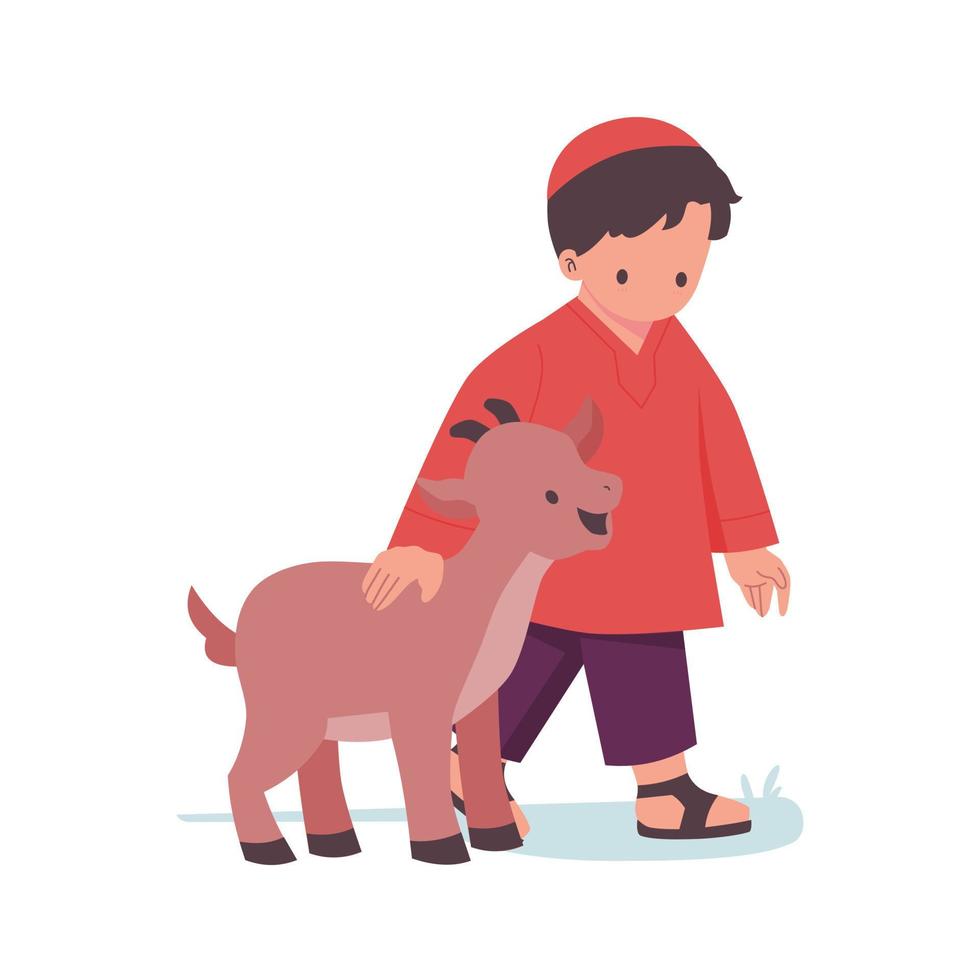 personaje de dibujos animados de niños con sacrificio de animales en la celebración de eid al-adha mubarak. vaca, oveja, cordero, cabra, camello ilustración plana. vector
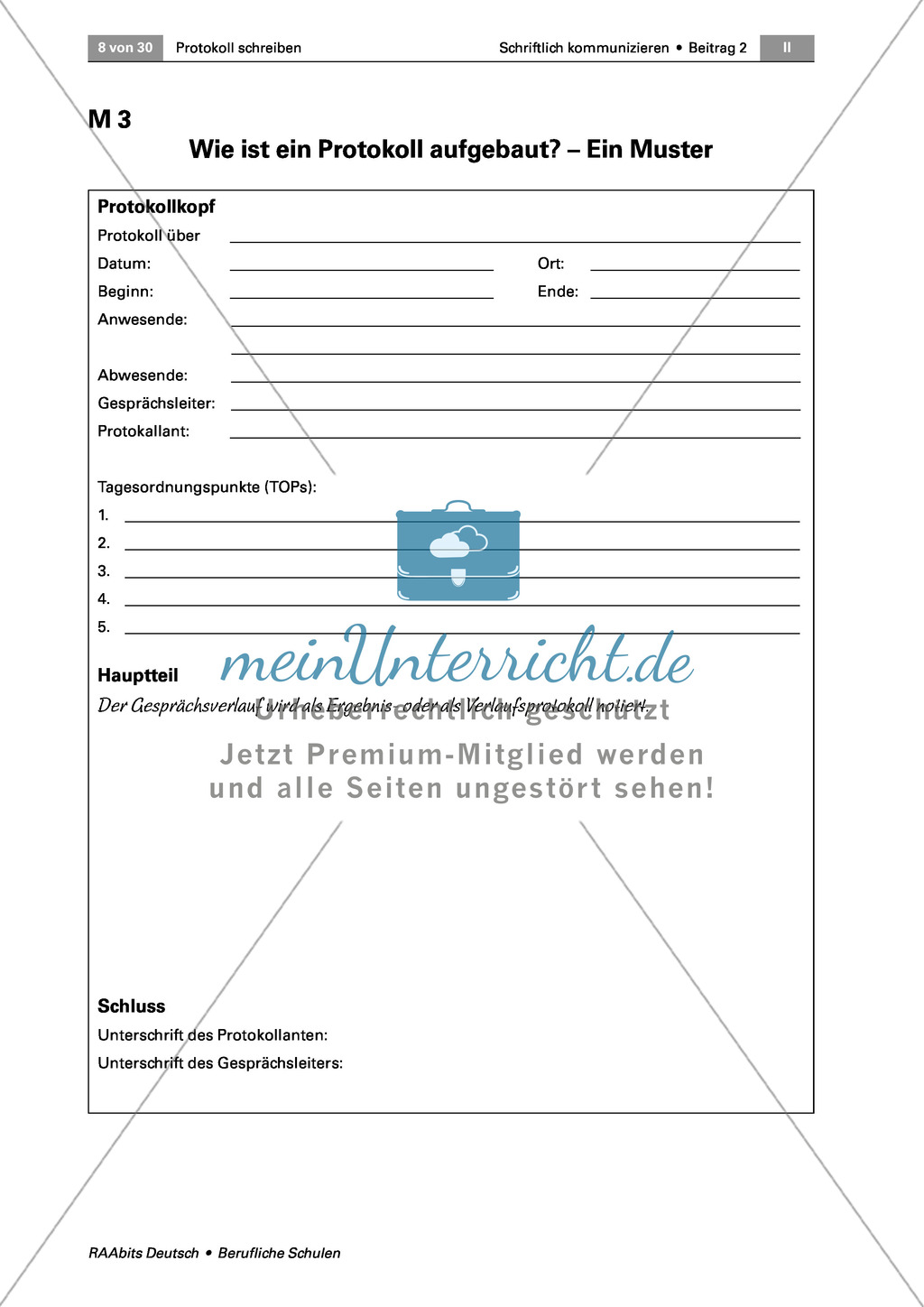 Ein Protokoll schreiben: Kennen lernen der beiden Protokollarten Ergebnisprotokoll + Verlaufsprotokoll Preview 4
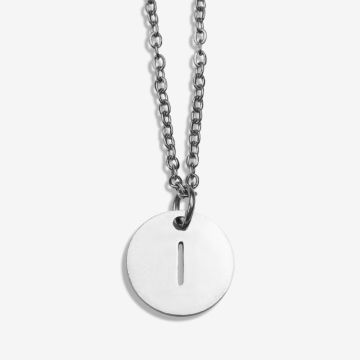 Stainless Steel Ketting Letter I (45 cm) Antiek Zilver (1 stuk)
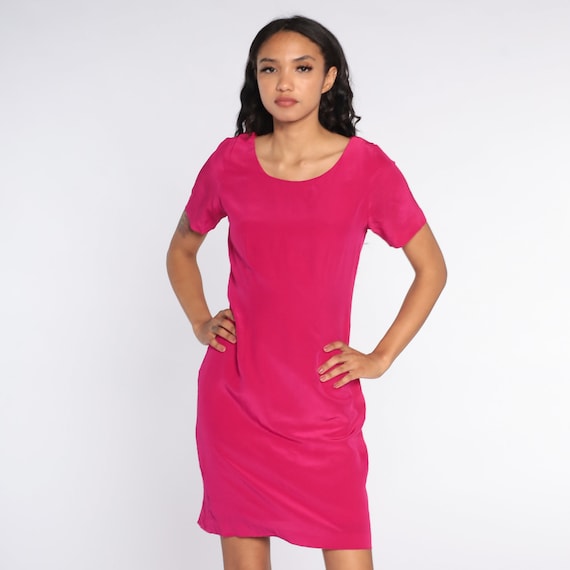 Hot Pink Silk Dress Mini Dress Shift Dress 90s Short Sleeve Vintage 1990s Simple Plain Minimalist Normcore Small 6 Petite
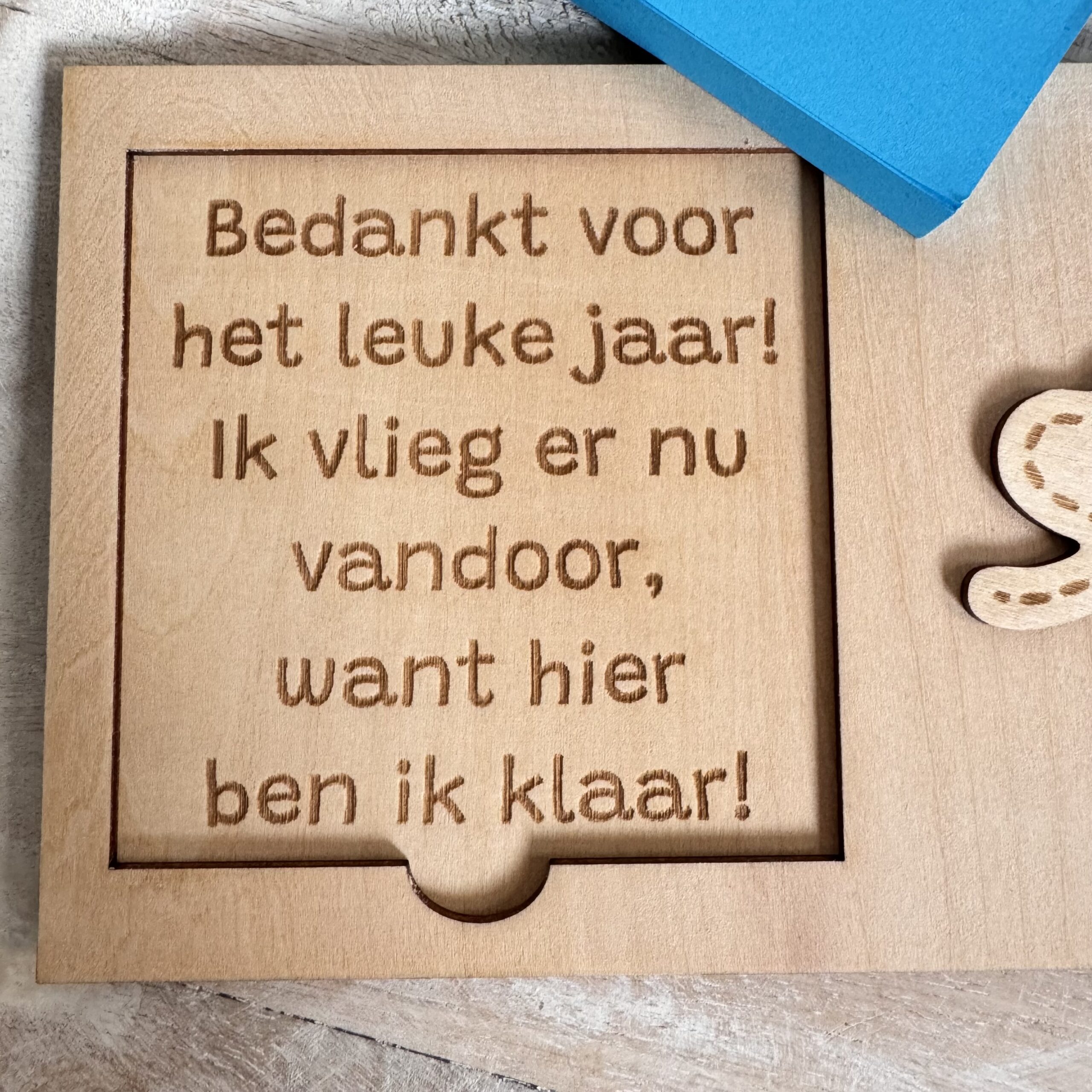 Post-it houder blauw vliegertje - personaliseerbaar - Afbeelding 3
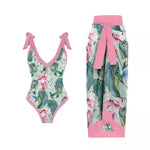 Printed Swimsuit with Sarong Set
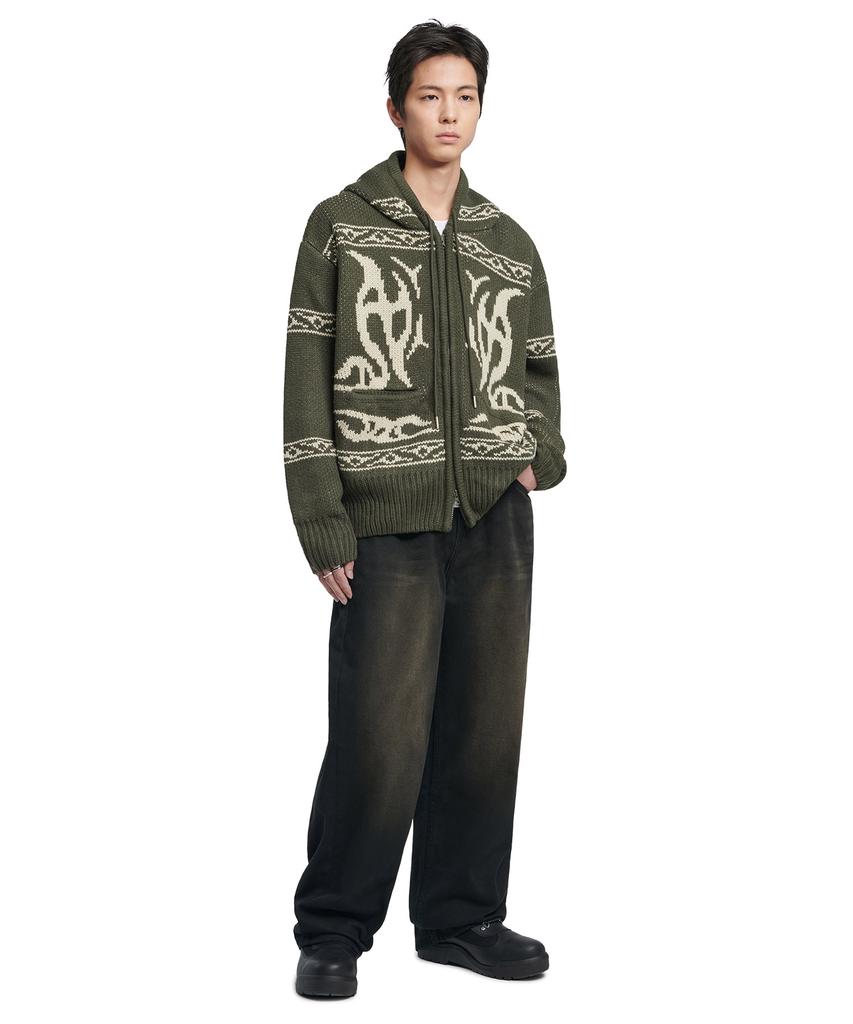 Nomaenyueol Cowichan Hooded Zip-Up - Khaki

* Task statement
Output each entry exactly. Skip the pictures.

* Output below
 personaje de dibujos animados de niños con sacrificio de animales en la celebración de eid al-adha mubarak. vaca, oveja, cordero, cabra, camello ilustración plana. vector
 Ein Protokoll schreiben: Kennen lernen der beiden Protokollarten Ergebnisprotokoll + Verlaufsprotokoll Preview 4
 Stainless Steel Ketting Letter I (45 cm) Antiek Zilver (1 stuk)
 Hot Pink Silk Dress Mini Dress Shift Dress 90s Short Sleeve Vintage 1990s Simple Plain Minimalist Normcore Small 6 Petite
 Post-it houder blauw vliegertje - personaliseerbaar - Afbeelding 3
 Printed Swimsuit with Sarong Set
 Nomaenyueol Cowichan Hooded Zip-Up - Khaki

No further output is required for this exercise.